Перепуганная насмерть тётя Нюша, услышав последние слова несостоявшегося спутника жизни Агаты и громкий стук захлопнувшейся двери, робко вошла в комнату и окаменела от ужаса. Всё в спаленке было разбросано, а Агата, избитая и окровавленная, лежала на самом краю кровати, не в силах шевельнутся. В глазах её стояла такая боль, что сердце женщины сжалось.

– За что, тётя, – прошептали избитые губы, – за что?

– Не надо, детка, не разговаривай, – решительно заявила тётя Нюша, взяв себя в руки. – Сейчас я немного приведу тебя в порядок, поговорим потом. И надо этого гада ползучего прищучить, как следует. Завтра же в милицию схожу, заявление подам.

Агата только покачала головой и потеряла сознание. Когда она очнулась, всё было прибрано, никаких следов недавнего побоища не было видно, только сама она представляла из себя одну большую рану, как ей казалось. Едва обретя голос, она потребовала от тётки никуда не ходить и никаких заявлений не подавать. А когда немного оклемалась, попросила у неё объяснений, может, хоть она сможет понять, что собственно произошло. Тётка объяснила. И лучше бы ей этого не делать, потому что стало совсем скверно. Правда оказалась куда страшней, чем Агата могла себе представить.

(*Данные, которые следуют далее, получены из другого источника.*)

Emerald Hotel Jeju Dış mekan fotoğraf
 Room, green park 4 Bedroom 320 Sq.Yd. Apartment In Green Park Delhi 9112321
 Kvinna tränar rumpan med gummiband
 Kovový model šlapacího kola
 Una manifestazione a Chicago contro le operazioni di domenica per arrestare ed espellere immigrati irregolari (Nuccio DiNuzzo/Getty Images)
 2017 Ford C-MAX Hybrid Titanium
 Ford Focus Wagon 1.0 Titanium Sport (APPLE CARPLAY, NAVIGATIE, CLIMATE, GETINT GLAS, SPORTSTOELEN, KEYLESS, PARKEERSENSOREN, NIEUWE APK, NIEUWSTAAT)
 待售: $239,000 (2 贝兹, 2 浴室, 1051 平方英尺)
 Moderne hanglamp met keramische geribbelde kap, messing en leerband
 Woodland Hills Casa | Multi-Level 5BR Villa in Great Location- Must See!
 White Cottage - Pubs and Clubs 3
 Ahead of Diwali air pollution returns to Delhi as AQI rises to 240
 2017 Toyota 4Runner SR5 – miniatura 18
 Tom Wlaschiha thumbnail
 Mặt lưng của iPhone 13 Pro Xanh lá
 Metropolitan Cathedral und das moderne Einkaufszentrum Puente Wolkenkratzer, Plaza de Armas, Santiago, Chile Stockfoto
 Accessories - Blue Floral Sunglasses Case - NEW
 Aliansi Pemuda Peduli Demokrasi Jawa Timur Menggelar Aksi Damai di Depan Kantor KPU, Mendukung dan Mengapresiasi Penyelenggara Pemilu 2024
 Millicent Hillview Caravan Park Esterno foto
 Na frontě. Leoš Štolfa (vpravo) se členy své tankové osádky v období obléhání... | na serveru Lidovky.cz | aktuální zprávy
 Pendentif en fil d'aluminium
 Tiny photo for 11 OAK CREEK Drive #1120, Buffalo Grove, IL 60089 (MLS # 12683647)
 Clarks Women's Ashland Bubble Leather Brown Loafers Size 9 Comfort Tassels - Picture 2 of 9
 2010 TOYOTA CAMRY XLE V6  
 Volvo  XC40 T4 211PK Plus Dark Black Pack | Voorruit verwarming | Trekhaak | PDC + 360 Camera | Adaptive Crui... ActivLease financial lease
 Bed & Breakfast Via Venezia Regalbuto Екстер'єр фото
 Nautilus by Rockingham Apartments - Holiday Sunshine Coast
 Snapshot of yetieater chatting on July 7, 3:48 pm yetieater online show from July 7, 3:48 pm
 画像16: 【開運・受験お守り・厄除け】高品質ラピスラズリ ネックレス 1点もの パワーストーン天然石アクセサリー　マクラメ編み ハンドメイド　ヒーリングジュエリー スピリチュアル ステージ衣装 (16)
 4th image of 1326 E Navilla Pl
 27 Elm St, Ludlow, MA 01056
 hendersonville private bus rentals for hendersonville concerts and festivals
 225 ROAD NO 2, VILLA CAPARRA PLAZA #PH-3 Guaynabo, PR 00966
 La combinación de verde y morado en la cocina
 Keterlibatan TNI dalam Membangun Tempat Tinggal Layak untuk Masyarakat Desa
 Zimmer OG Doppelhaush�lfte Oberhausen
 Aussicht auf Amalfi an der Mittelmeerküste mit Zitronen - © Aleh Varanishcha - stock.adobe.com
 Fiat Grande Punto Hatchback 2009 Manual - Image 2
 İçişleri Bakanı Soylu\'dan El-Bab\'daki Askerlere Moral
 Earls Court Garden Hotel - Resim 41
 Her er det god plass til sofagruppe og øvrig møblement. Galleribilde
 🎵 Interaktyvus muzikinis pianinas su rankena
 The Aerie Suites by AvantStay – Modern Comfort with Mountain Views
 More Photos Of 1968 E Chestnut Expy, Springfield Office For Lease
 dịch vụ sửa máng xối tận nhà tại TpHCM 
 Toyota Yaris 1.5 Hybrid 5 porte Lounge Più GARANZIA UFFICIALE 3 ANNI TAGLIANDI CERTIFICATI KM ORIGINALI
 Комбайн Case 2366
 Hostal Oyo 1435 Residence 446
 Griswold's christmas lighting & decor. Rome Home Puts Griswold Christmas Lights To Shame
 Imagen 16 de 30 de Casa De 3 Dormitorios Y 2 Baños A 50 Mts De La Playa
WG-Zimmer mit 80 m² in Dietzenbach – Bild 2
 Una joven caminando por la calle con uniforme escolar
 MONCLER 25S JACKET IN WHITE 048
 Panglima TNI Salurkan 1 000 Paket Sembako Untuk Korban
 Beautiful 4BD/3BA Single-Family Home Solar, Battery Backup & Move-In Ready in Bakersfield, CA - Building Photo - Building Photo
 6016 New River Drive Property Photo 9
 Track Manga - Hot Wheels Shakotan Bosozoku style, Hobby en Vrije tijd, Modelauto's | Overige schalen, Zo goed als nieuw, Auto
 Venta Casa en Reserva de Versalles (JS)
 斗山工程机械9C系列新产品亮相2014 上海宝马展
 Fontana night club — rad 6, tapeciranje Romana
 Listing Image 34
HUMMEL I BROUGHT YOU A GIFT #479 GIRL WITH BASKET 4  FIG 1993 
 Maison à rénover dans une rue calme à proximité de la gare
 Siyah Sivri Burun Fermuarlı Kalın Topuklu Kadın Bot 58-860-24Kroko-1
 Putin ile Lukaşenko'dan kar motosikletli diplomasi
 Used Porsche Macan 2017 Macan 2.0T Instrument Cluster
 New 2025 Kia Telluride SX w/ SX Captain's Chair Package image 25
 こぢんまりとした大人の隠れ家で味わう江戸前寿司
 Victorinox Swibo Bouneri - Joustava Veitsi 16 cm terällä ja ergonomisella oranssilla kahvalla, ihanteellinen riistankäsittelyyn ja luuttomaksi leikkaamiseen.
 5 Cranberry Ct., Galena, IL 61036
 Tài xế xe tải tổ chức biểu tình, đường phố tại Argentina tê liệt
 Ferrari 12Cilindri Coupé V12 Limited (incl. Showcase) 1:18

Случилось так, что её мать, женщина, чрезвычайно любящая телесные удовольствия, нагуляла дочь вне брака. И, родив её, ничуть не изменила своего образа жизни. Только-только оклемавшись от родов и восстановив женскую силу, она вновь принялась искать новых любовников. Находила их везде и справлялась с этим всегда легко. Были среди её поклонников, так сказать, мужчины, встречающиеся с ней время от времени в разных местах, а были и такие, что приходили к ней жить. Один из таких, здоровенный лоб, лишённый начисто всяких моральных принципов, надрался как-то вместе с ней до чёртиков, как говорится, и на глазах у матери грубо изнасиловал трёхлетнего ребёнка. Мать пришла в себя только утром, протрезвев. Сразу же кинулась с дочерью в больницу, наплела там Бог весть что, отчего вся милиция сбилась с ног в поисках описанного ею преступника, но любовника не прогнала. Он, понимаете ли, умел удовлетворить её, как никто другой, поскольку размеры имел весьма внушительные, и сил ему было не занимать. То, что потом, выписанная из больницы Агата впадала в истерику от одного его вида, мать не волновало. Покричит и перестанет, а такого жеребца днём с огнём больше не найдёшь. Дело кончилось тем, что он сам покинул надоевший ему дом. Видно даже у этого, глубоко порочного человека проклюнулись в душе какие-то росточки совести, и ему не хотелось постоянно видеть перед глазами искалеченного им ребёнка. Мать же об этой утрате горько сожалела.

Потом страшные воспоминания постепенно стёрлись из памяти девочки, да и у матери был к тому же неудачный, с её точки зрения, период в жизни. Не находились мужчины, которые хотели бы поддерживать с ней длительные отношения, и всё тут. А когда ситуация немного изменилась к лучшему, Агата уже подросла, и родительница решила, что слишком опасно иметь в доме и любовника, и подрастающую дочь, потенциальную конкурентку собственной матери. И она перенесла свои любовные подвиги на чужую территорию.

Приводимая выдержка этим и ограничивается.